The Don Davis Collection

1966 Chevrolet Corvette Sting Ray 427/425 'Big Tank' Coupe


$220,000 USD | Sold

United States | Fort Worth, Texas



Chassis No.
Engine No.
  • The ultimate 1966 Corvette: 427/425 V-8, four-speed, “Big Tank,” heavy-duty brakes, side exhaust, and radio/heater delete
  • Matching-numbers example
  • NCRS Top Flight, Bloomington Gold, and Vettefest Gold Spinner Award winner, the “Triple Crown”

425 bhp, 427 cu. in. L72 V-8 engine with Holley four-barrel carburetor, four-speed Muncie close-ratio manual transmission, four-wheel independent suspension, and J56 heavy-duty, four-wheel hydraulic disc brakes. Wheelbase: 98 in.

It is no wonder that when Chevrolet recently unveiled the 2014 Corvette, they chose to bring back the Sting Ray name. The Corvette Sting Ray of the 1960s had something of a dual personality. With its adroit handling, it was easy to drive fast and was manageable for everyday use, in keeping with the MG-beater it had once intended to be. Yet, as the available V-8s grew ever larger and the options list grew ever hotter, with more and more go-fast goodies available, the Corvette also began to take on an element of muscle car.
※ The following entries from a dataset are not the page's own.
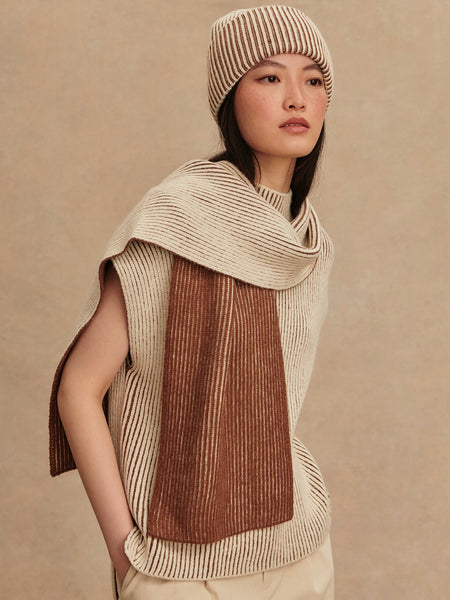 Deville Plated Scarf in Cocoa Dust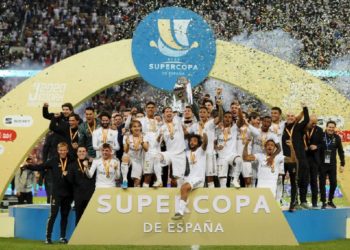 Real Madrid Juara Piala Super Spanyol(TWITTER REAL MADRID)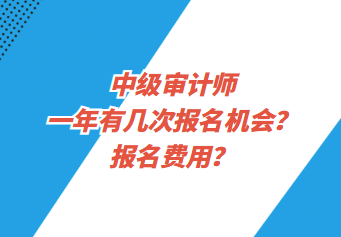 中級(jí)審計(jì)師一年有幾次報(bào)名機(jī)會(huì)？報(bào)名費(fèi)用？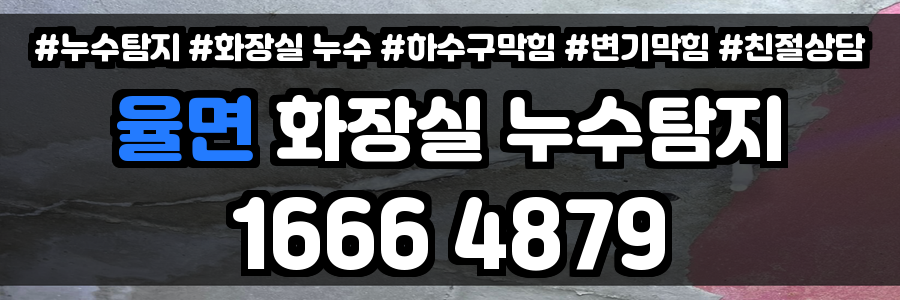 율면 화장실 누수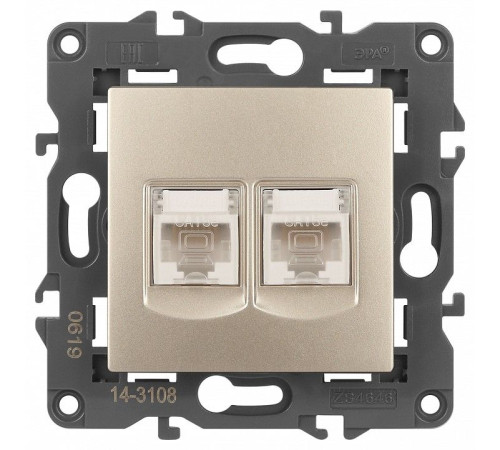 Розетка Ethernet RJ-45 без рамки Эра Эра Elegance 14-3108-04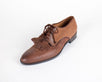 Wool & Leather Tweed Fringe Oxfords - Brown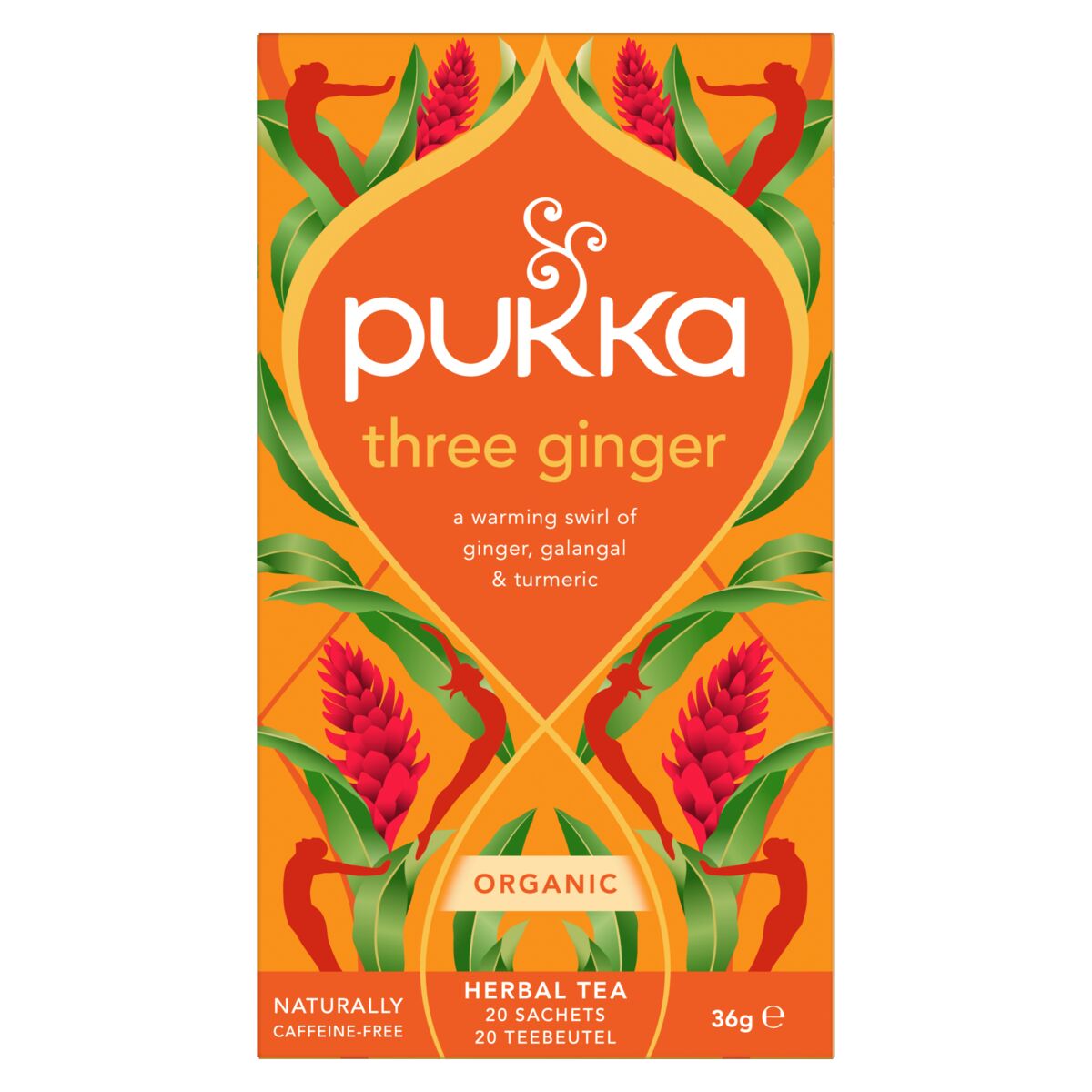 Pukka Three ginger bio 20.00 Zakjes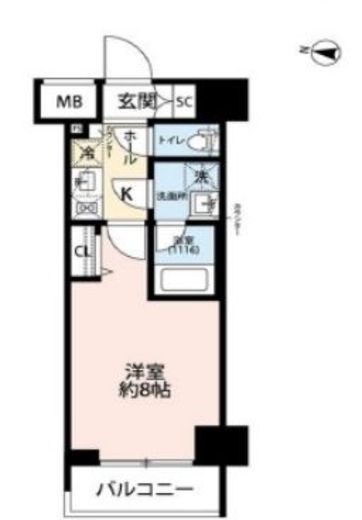 プレール・ドゥーク東雲3 2階 間取り図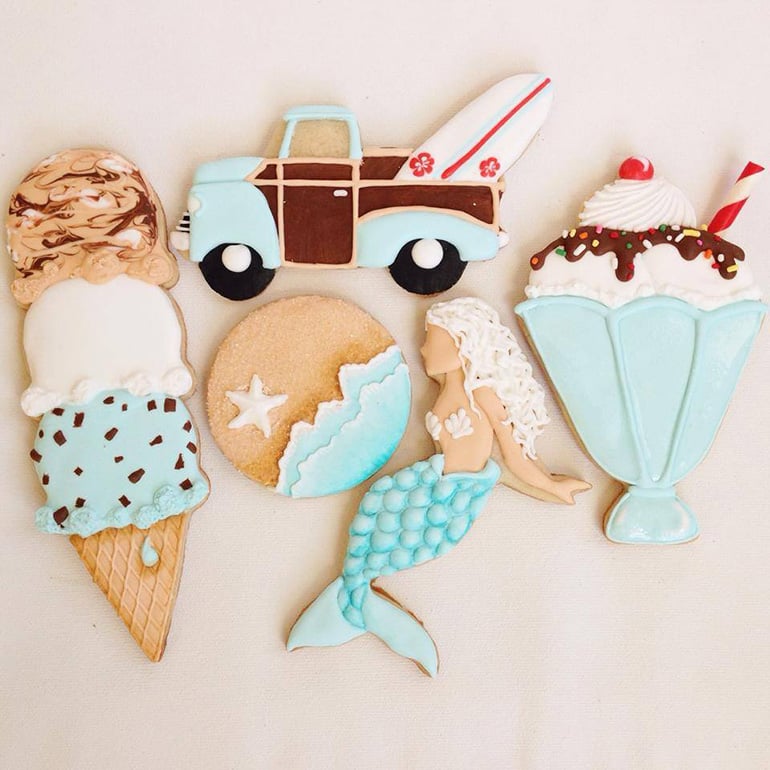 Beach Wedding Favor Sugar Cookies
By the mid-1960s, there were few American production cars that could take on the Bow Tie’s best on road or track, establishing a proud heritage of streetable high performance that the Corvette carries forward proudly to this day.
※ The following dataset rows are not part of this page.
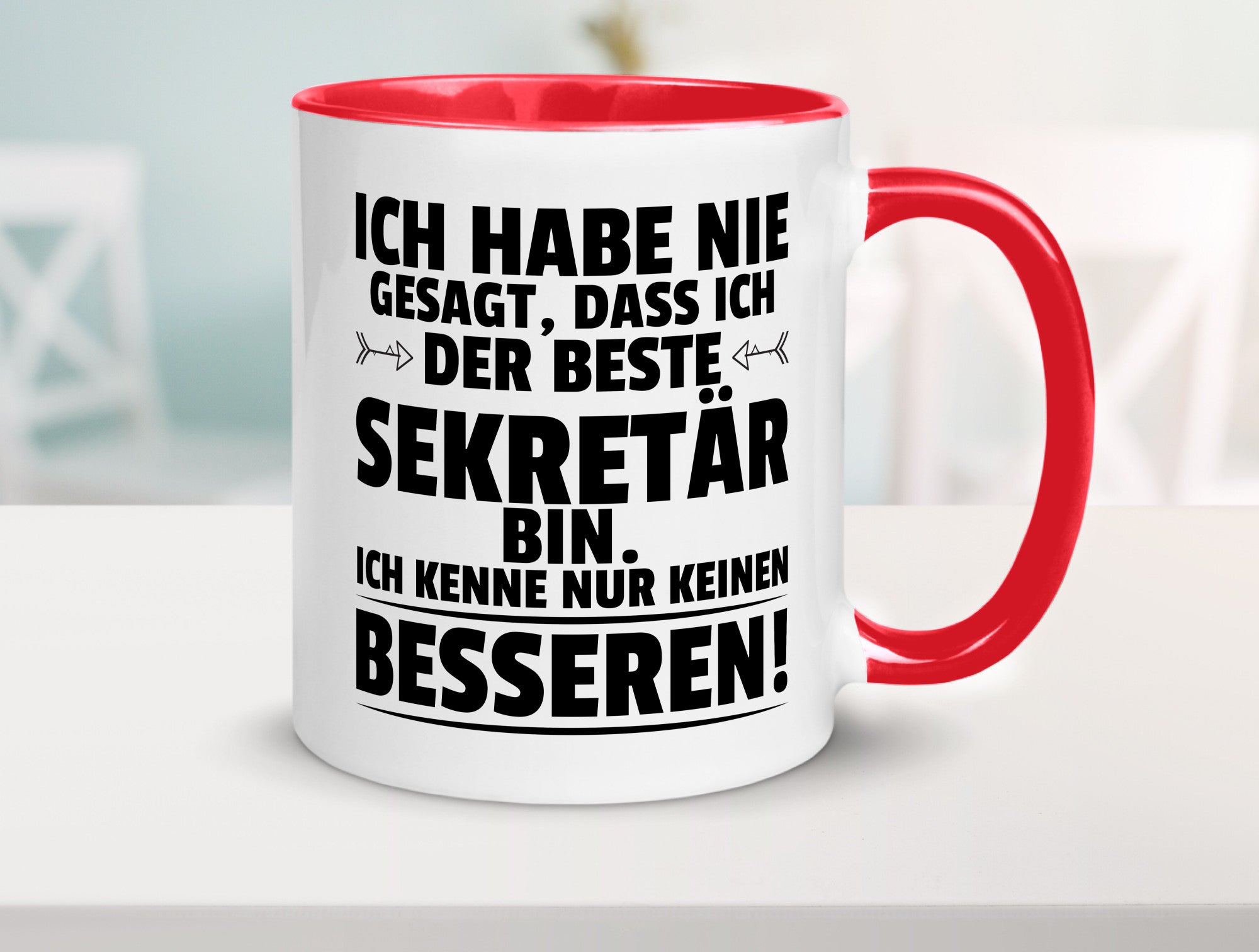 Keinen Besserer Sekretär | Büro lustiger Spruch Geschenk Arbeit Kollegen Tasse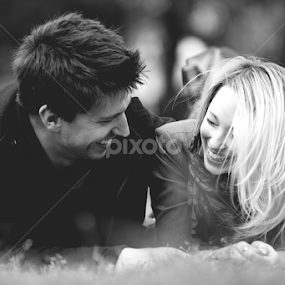 'You Complete Me' by Carey Carter - Black & White Portraits & People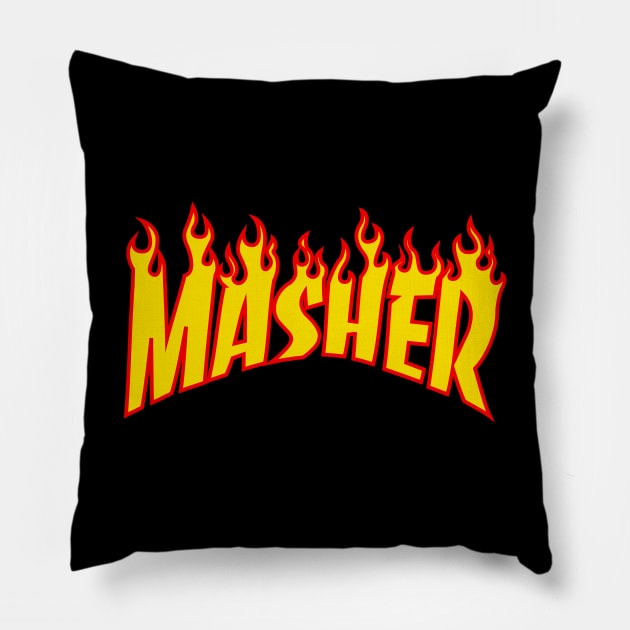 Masher Pillow by beware1984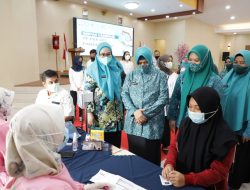 Gebyar Vaksinasi TP PKK Kec Panakkukang, Target 300 Vaksin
Don Davis’ 1966 Corvette’s buyer obviously sought speed. From the laundry list of Regular Production Options, they selected first the L72, the 427-cubic inch big block V-8 with a Holley four-barrel carburetor. When it debuted for 1966, this engine was rated at 450 horsepower. Shortly thereafter, Chevrolet downgraded the engine to 425 horsepower, which worked to calm insurance industry figures who had worked themselves into a lather over the “450” rating. Of course, the downgrading was mostly on paper, and the engine itself wasn’t changed, and when put on a dyno, it would still produce the same 450 horses, but that was just between the buyer and the Chevrolet engineers. What the insurance agents didn’t know wouldn’t hurt them. (Unless they were racing a big block Corvette, of course.)

Other selections for this car included such options as J56, heavy-duty racing-style brakes; N14, a side-mounted exhaust; and N03, a 36-gallon fuel tank. The latter was fittingly installed on 66 Corvettes this year, and it was subtly intended towards racing, when having additional fuel for the big V-8 to gulp was a decided advantage. It is among the desired options on a big block Corvette today, and owning a “Big Tank” car adds instant prestige to any Corvette enthusiast. Further indicating the performance intentions of its first owner, this car was ordered with neither a radio nor heater.
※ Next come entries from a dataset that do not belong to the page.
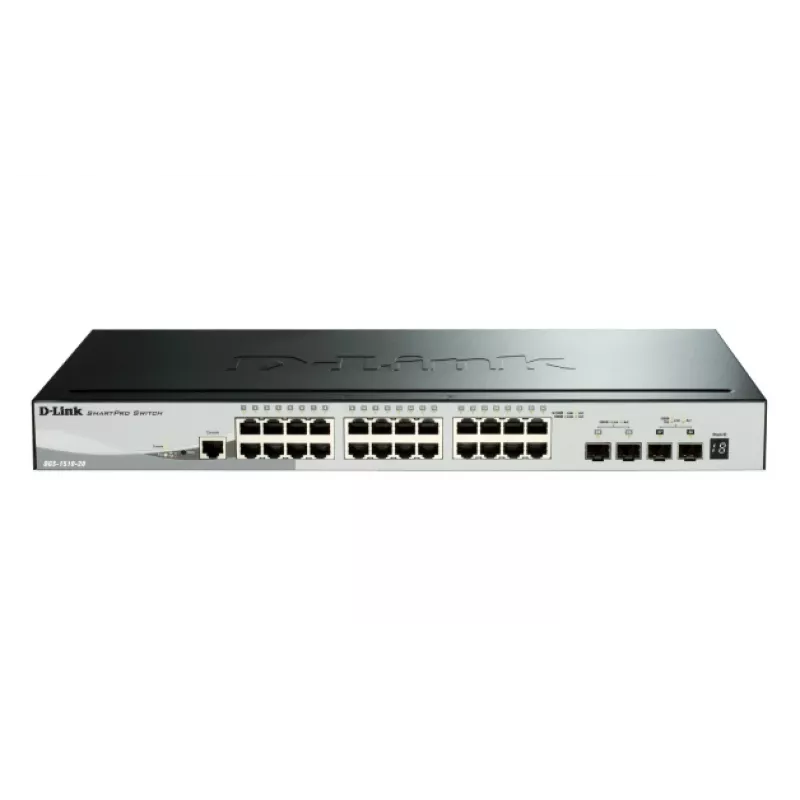D-Link 52 portu Gigabit Stackable POE viedais pārvaldāmais slēdzis ar 4 x 10G SFP+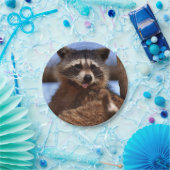 Grappig Raccoon die het uittikt is Tongue Papieren Bordje (Feest)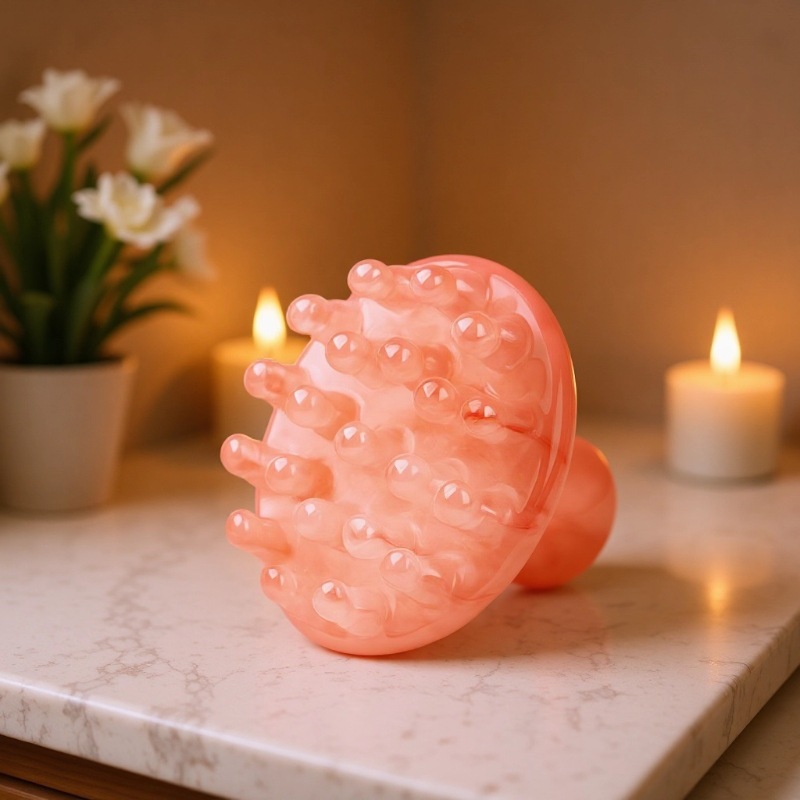 Resin Gua Sha Meridian Brush Body Massage Comb for Abdominal and Full Body Circulation Care 130g - Image 2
Most everything that the knowledgeable buyer seeks on a hot Corvette is here. The engine pad number is matching the chassis number, which appears to identify this clearly as being a “matching-numbers” car. It has been restored to the best of standards, with paint, interior, and carpeting that are, as is typical of restored St. Louis-built Corvettes, actually better than what these cars had when they left the factory. Yet, the restored car is authentic enough to please the judges, earning its NCRS Top Flight, Bloomington Gold, and Vettefest Gold Spinner honors, known as the famed Corvette “Triple Crown.”

The body is in excellent condition, with outstanding panel fit on both sides and sparkling paint, requiring only minor adjustments and detailing to return to show standards. The interior has a very correct appearance and also presents beautifully, with correct carpeting and no signs of obvious use. Similarly, underneath and under the hood, all correct fittings and finishes are present and appear fresh out of the restoration shop, never to have been driven on the road. The underbody and suspension are particularly clean and, in fact, could be described as flawless.

An award-winning restoration, outstanding in both its finish and its accuracy to “how they were built,” this Corvette stands among the finest automobiles of the Davis Collection, and in a market that demands the most desirable options for performance, would prove to be as astute an investment for the future as it is for the track. For a muscle car fan and for a sports car fan, it is the best of both worlds, with the much sought-after “Big Tank” assuring fuel for as long as the track, or country road, holds out.